As tendências de beleza 2026 estão a começar a apontar noutra direção. Não significa deixar de usar maquilhagem, abandonar o secador ou desistir de cuidar das unhas. Significa, sobretudo, que o resultado já não precisa de parecer tão perfeito.
Nas passerelles de outono/inverno de 2026 surgiram cabelos menos controlados, eyeliner esbatido, lábios com aquele efeito de batom já vivido e até maquilhagem inspirada no rosto de quem acabou de acordar. A Elle chamou-lhe “Lazy Beauty”; a Vogue tem vindo a destacar, em paralelo, o crescimento da maquilhagem esbatida e dos acabamentos menos rígidos.
E talvez seja esta a parte mais interessante: muitas destas tendências são realmente fáceis de adaptar à vida normal.
O que é a “Lazy Beauty”?
O nome pode enganar.
“Lazy Beauty” não significa necessariamente deixar de cuidar da pele ou sair de casa sem pensar no que vai vestir.

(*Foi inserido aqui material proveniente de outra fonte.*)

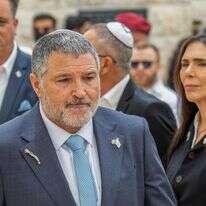 ראש השב"כ, דוד זיני | דור פזואלו, פלאש 90 ראש השב"כ, דוד זיני | דור פזואלו, פלאש 90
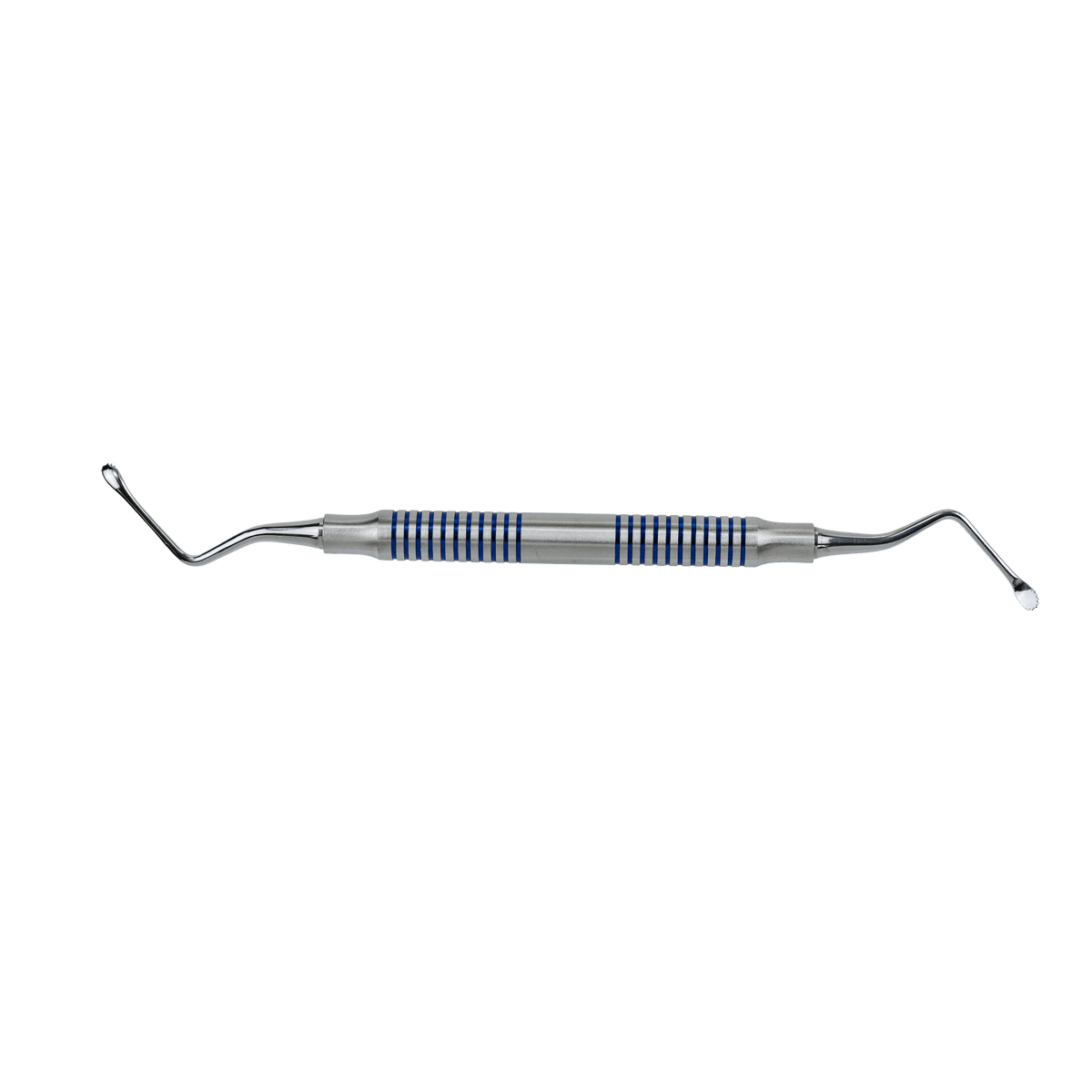Serrated Surgical Curette 3.7 mm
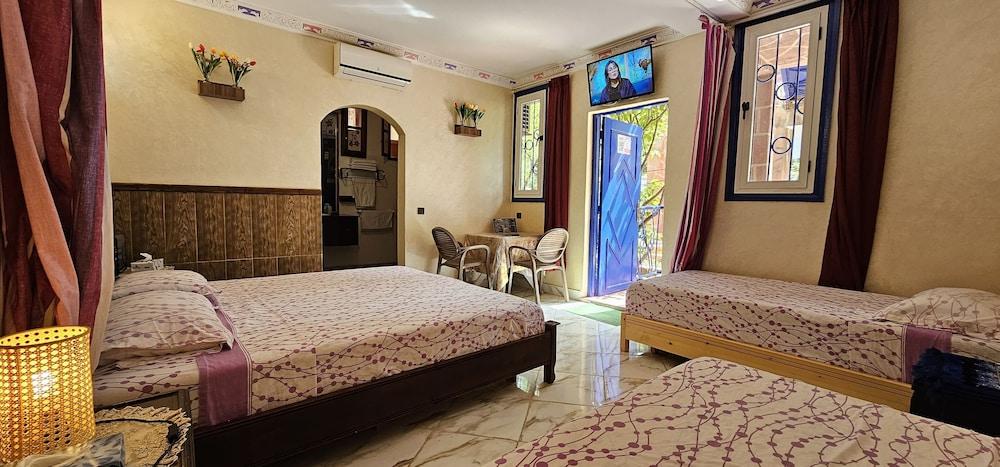 Hotel Top Ourika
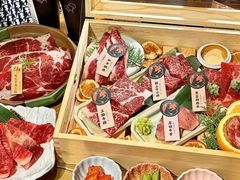 -黑牛の店·和牛烧肉(石家庄万象城店)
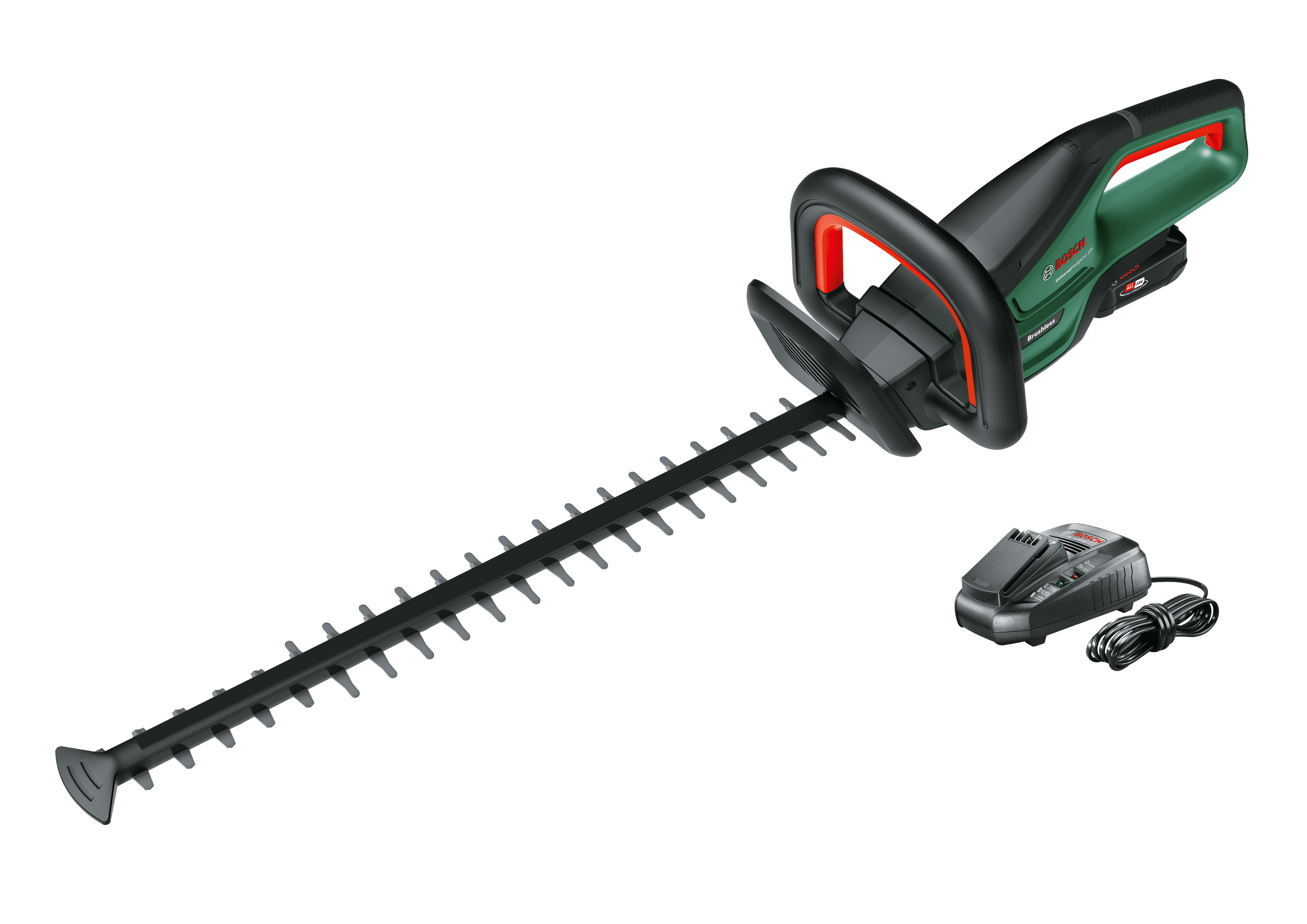 BOSCH UniversalHedgeCut 18V-50 0600849K01 BOSCH UniversalHedgeCut 18V-50 0600849K01
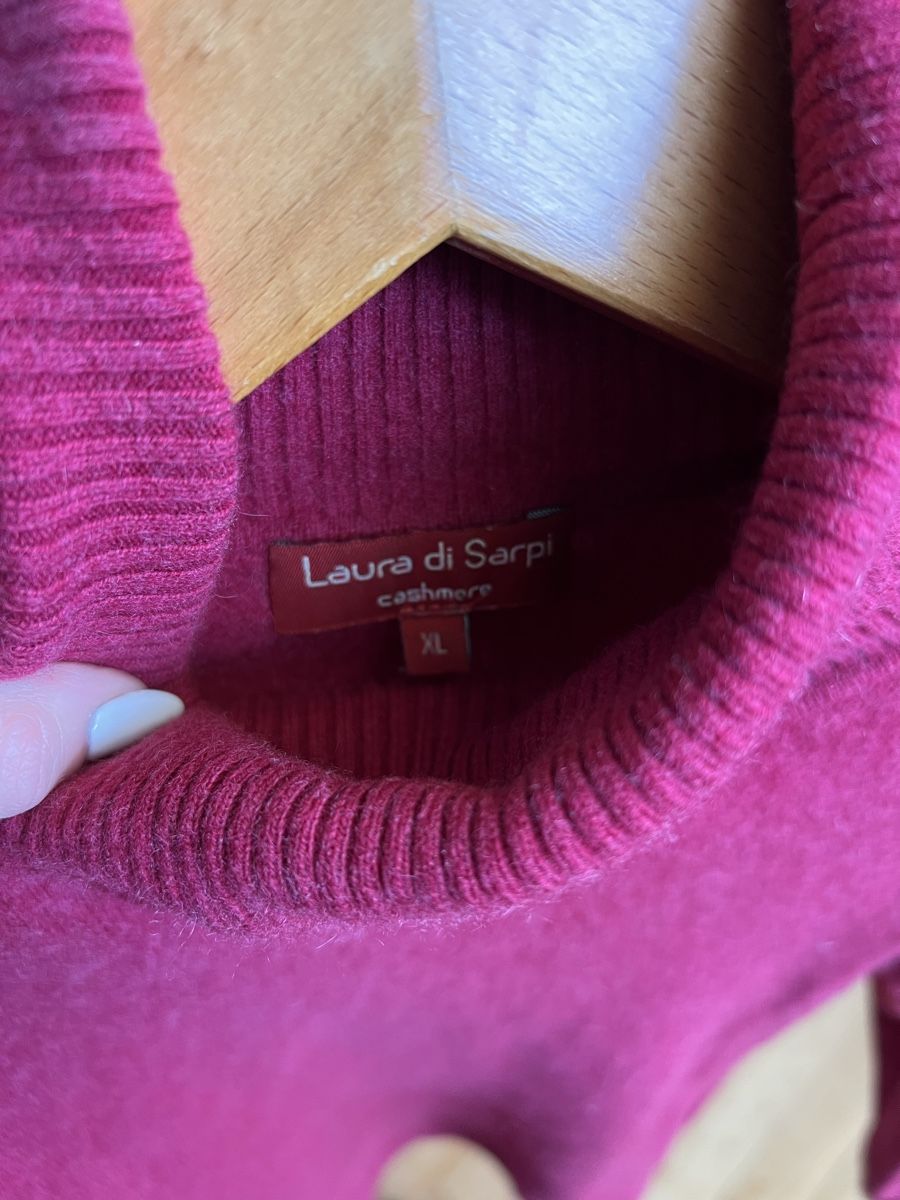 Maglioni & Felpe: Kaschmirpullover  – Usato da Zürich venduto da sop_t2mm 3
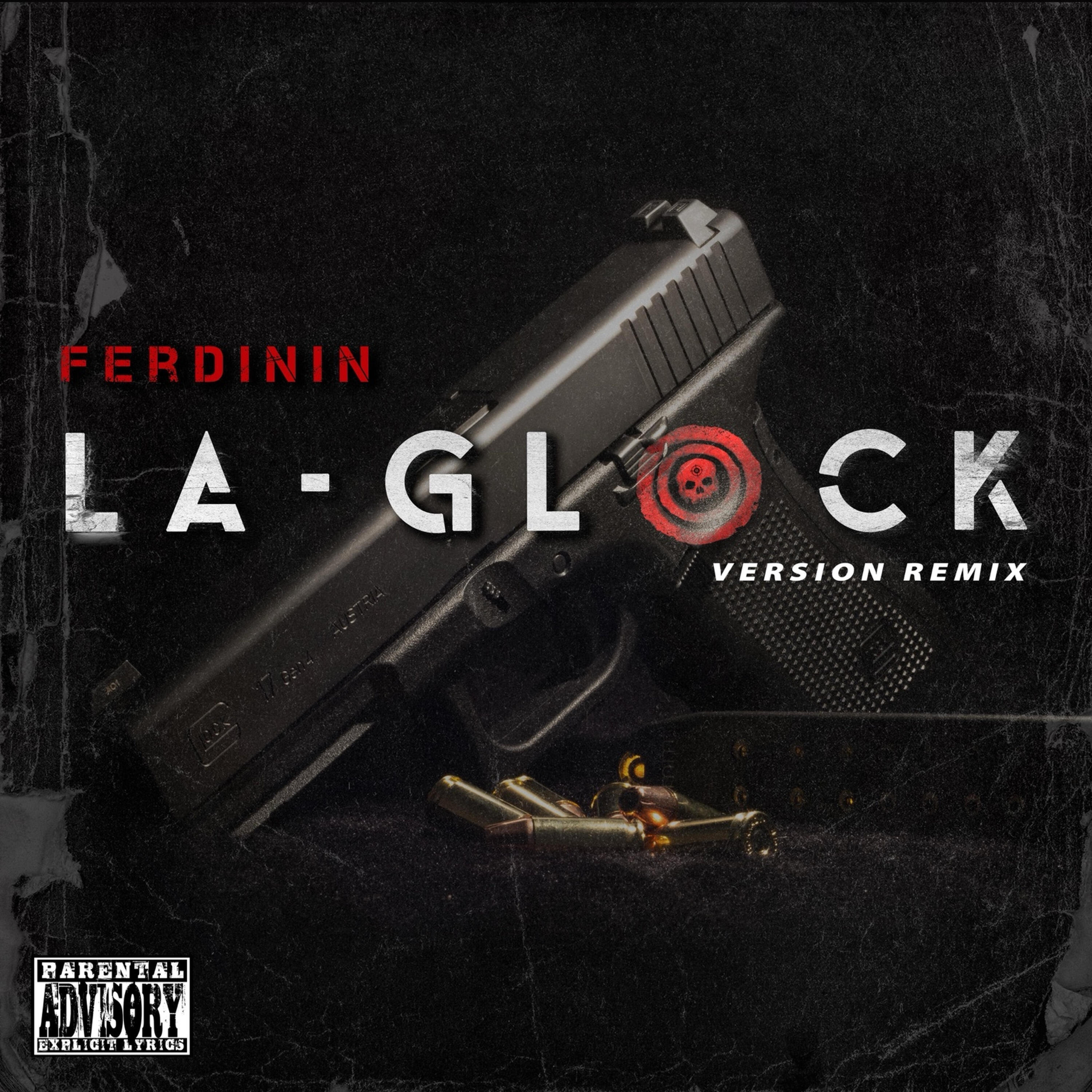 Ferdinin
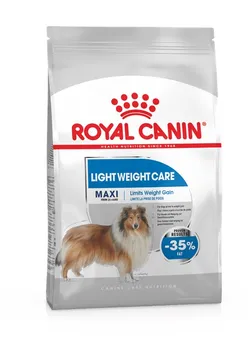 

Royal Canin maxi light weight care 10 kg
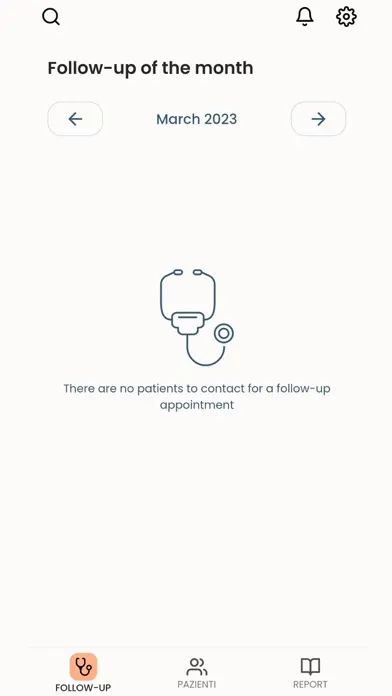 BRM Follow-up স্ক্রিনশট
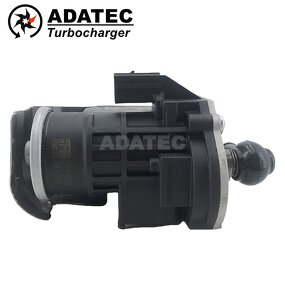 Electronic Actuator Factory - OEM TD04 for Hyundai Santa Fe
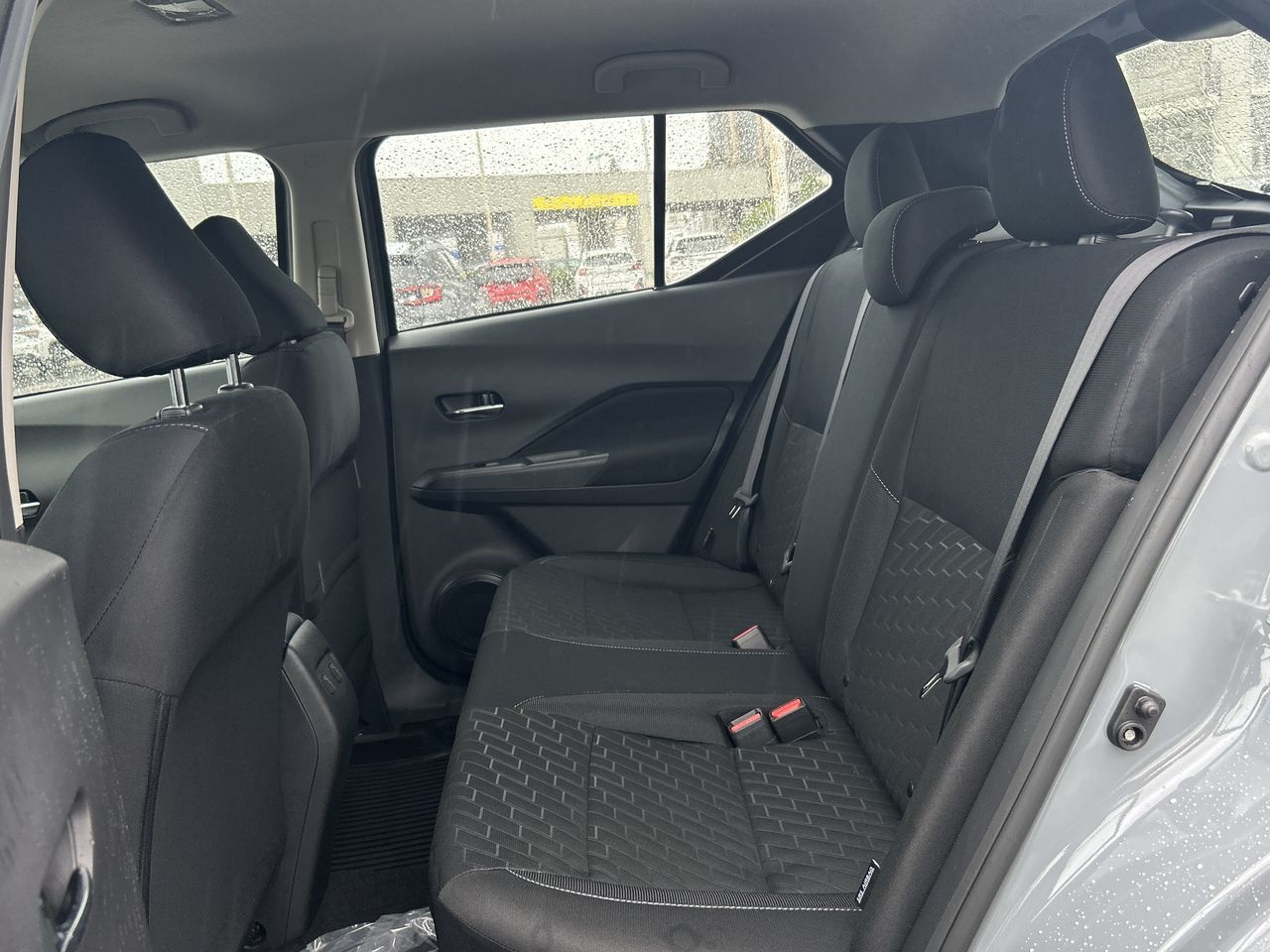 2025 Nissan Kicks Play in Vancouver, British Columbia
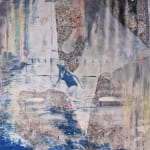 Josie Jones, Wading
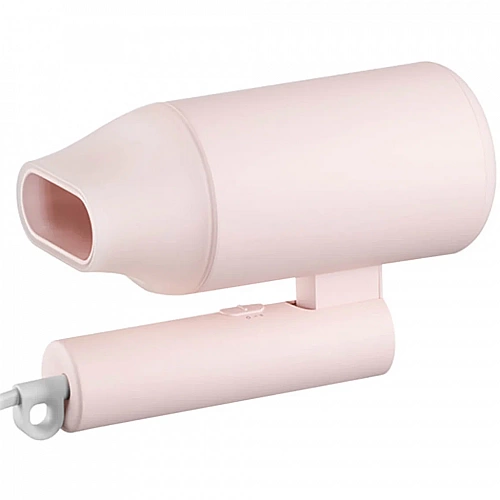 Фен Xiaomi Ionic Hair Dryer (CMJ02LXP) Pink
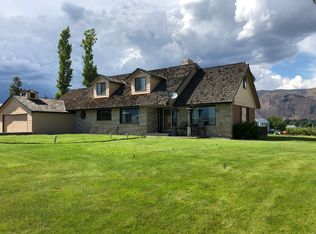 491 Section 1 Rd, Tieton, WA 98947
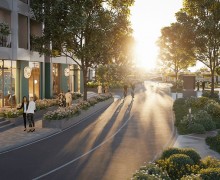 The Hybrid: Elite Living Space at MT Eastmark City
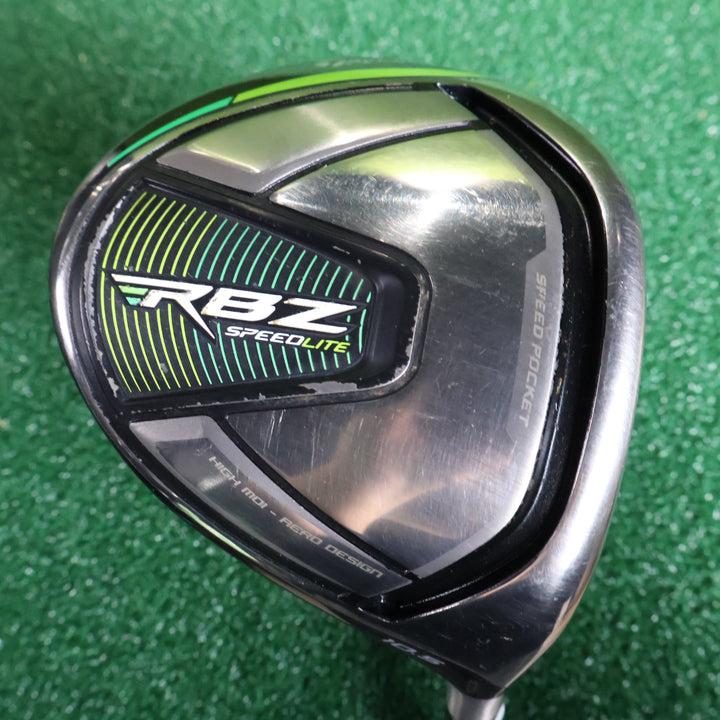 Taylormade RBZ SPEEDLITE 10.5° (210013927)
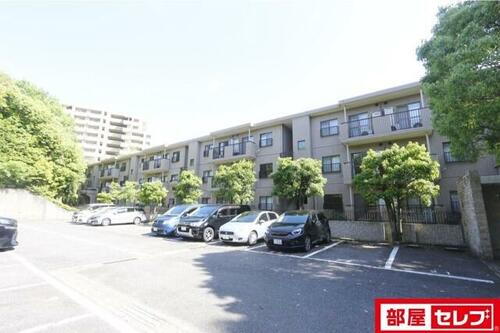 愛知県名古屋市瑞穂区彌富町字緑ケ岡 賃貸マンション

Também não significa que todos os looks apresentados nas passerelles sejam feitos em dois minutos.
A mudança está sobretudo na aparência final.
Em vez de uma base que tenta esconder completamente a textura, aceita-se que a pele pareça pele. Em vez de um eyeliner geometricamente perfeito, admite-se uma linha ligeiramente esbatida. O blush deixa de parecer uma faixa de cor bem delimitada e funde-se mais com o rosto.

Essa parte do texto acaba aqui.